In 1814, Platon moved to his estates in Lithuania. In 1821, 54-year-old Platon fell madly in love with 19-year-old Tekla Ignatyevna Valentinović (1801-1873), the daughter of a Lithuanian nobleman of modest means. He had seen Tekla with her mother at a horse fair in Vilnius, Lithuania. Through an intermediary, Platon offered Tekla’s family a notable sum of money but his marriage proposal was rejected. Several months later Tekla and her mother arrived at Platon’s estate in Yanishki, Lithuania. Platon made an offer of one million rubles to marry Telka and her mother agreed.

The couple married in 1821 and had a daughter:

  • Alexandra Platonovna Zubova (1822 – 1824), died in early childhood

Rundāle Palace; Credit – By Jeroen Komen from Utrecht, Netherlands CC BY-SA 2.0, https://commons.wikimedia.org/w/index.php?curid=37637993

After the marriage of Platon and Tekla, they made their home at Rundāle Palace, originally built for the Dukes of Courland in what is now Latvia. After the Duchy of Courland was absorbed by the Russian Empire in 1795, Empress Catherine II presented the palace to Platon’s youngest brother Valerian Zubov. Platon inherited Rundāle Palace after the death in 1804 of his unmarried brother.

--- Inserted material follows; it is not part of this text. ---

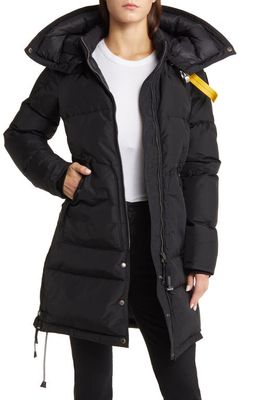 Parajumpers Long Bear Recycled Nylon 700 Fill Power Down Coat in Black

Platon’s burial site, photographed in the 1860w; Credit – Wikipedia

Prince Platon Alexandrovich Zubov, aged 55, died on April 19, 1822, at Rundāle Palace, three weeks after the birth of his only child. He was buried in the Zubov family crypt at the Coastal Monastery of Saint Sergius in the coastal settlement of Strelna near St. Petersburg, Russia. Platon’s brothers Nikolai and Valerian were also buried in the same crypt. Their burial site was destroyed during the Soviet era.

Platon’s widow Tekla inherited a huge fortune upon his death. However, Platon’s relatives sued due to the lack of a will. The subsequent trial ended in favor of Tekla who made a second marriage in 1826 to Count Andrei Petrovich Shuvalov, who became a prominent figure at the courts of Emperor Nicholas I and Emperor Alexander II. Tekla and her husband had four children and her second marriage brought the vast Zubov estates and fortune into the Shuvalov family.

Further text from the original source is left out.